» **WORK INSTRUCTION**
Write out the listing from the line with "几乎成名 (单曲)详情" to the line with "Кошелек LV-m62289-marco, черный, с", both lines included, exactly and nothing beyond. Leave pictures out.

» **DATA FOR REVIEW**
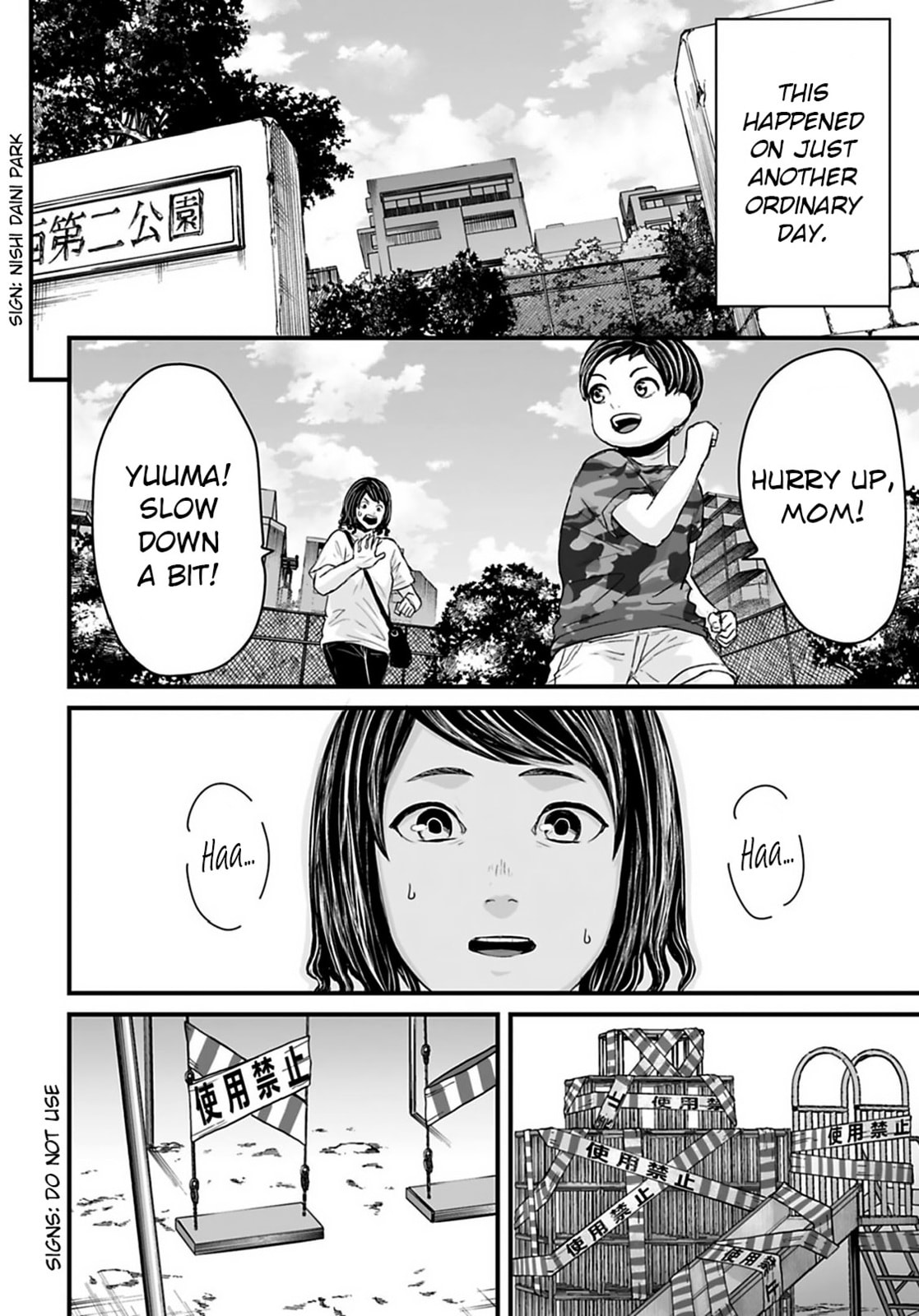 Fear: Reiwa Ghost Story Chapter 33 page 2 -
---
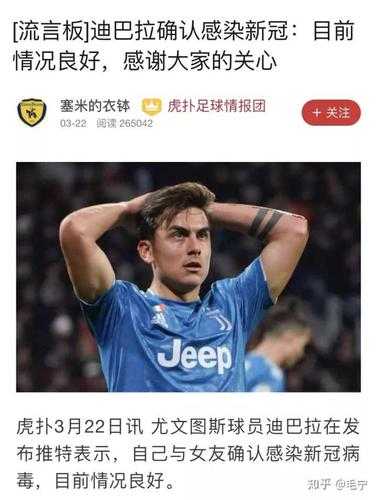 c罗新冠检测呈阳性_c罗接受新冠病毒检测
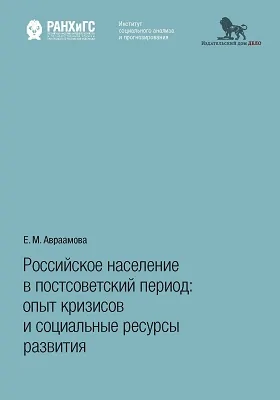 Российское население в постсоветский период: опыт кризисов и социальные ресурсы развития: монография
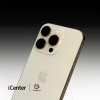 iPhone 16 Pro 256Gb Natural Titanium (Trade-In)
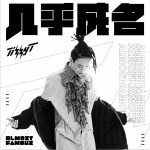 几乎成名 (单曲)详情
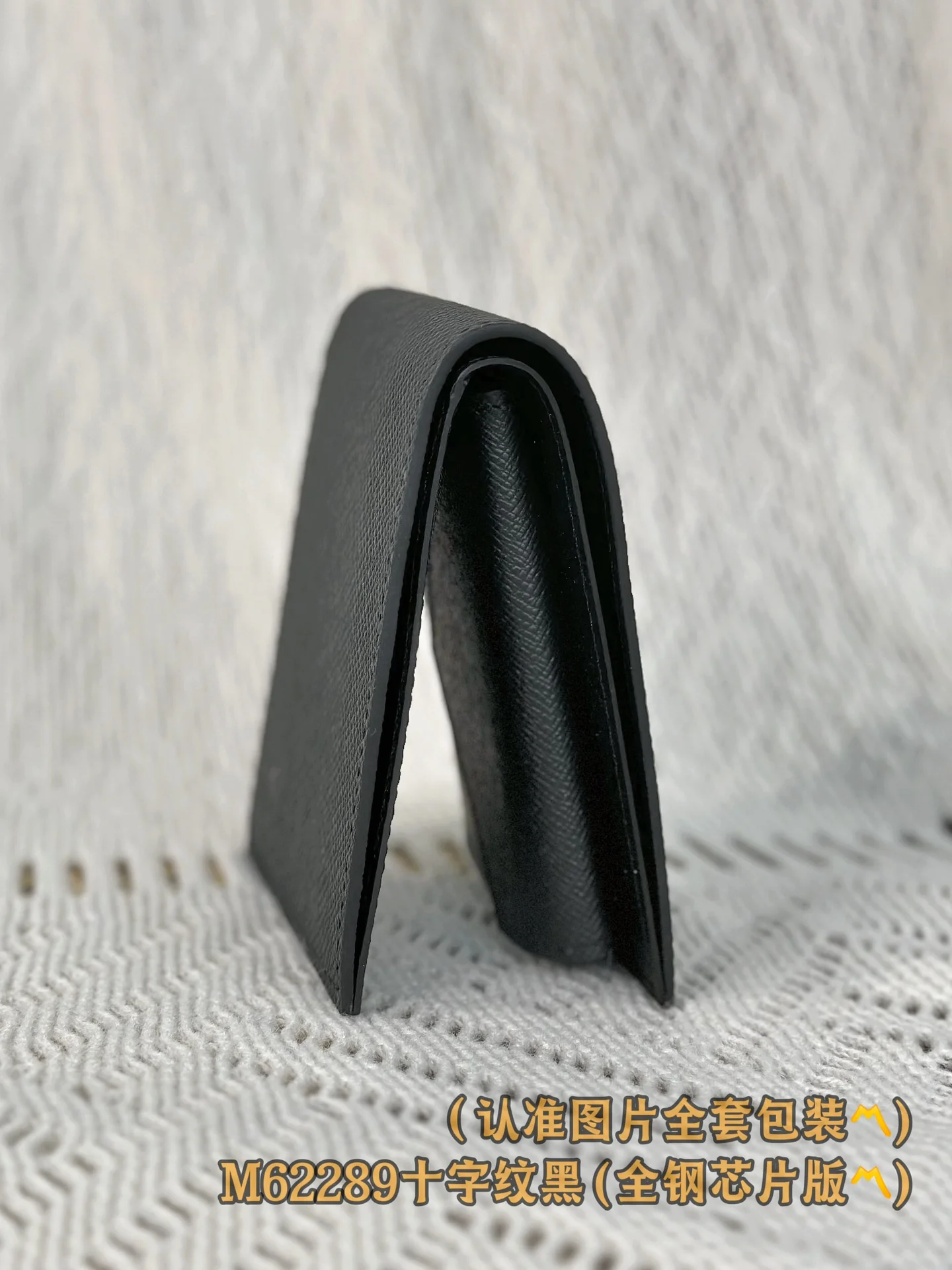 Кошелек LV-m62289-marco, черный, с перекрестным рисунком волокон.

» **REPLY TO THE TASK**
 几乎成名 (单曲)详情
 Кошелек LV-m62289-marco, черный, с перекрестным рисунком волокон.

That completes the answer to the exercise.